DIRECTIONS:
Return, word for word, only the lines of the data below that lie between the line with "A Postcard from" and the line with "Chat XXX Live BeardAndrew", those two lines included.

DATA EXTRACT:
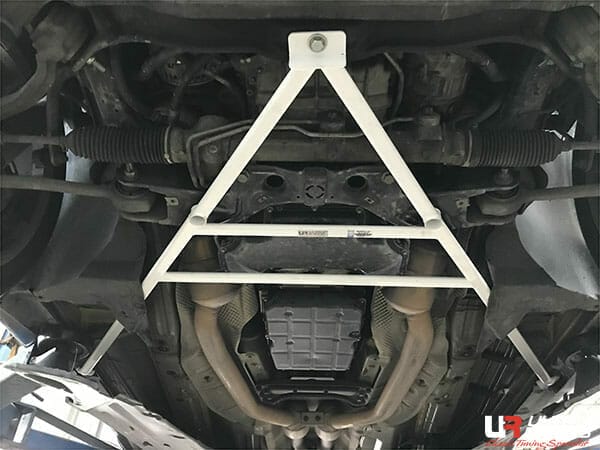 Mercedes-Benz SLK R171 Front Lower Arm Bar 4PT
...
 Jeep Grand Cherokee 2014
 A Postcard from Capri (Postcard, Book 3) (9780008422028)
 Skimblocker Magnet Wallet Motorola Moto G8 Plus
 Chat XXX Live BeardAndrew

ANSWER BOX:
 A Postcard from Capri (Postcard, Book 3) (9780008422028)
 Skimblocker Magnet Wallet Motorola Moto G8 Plus
 Chat XXX Live BeardAndrew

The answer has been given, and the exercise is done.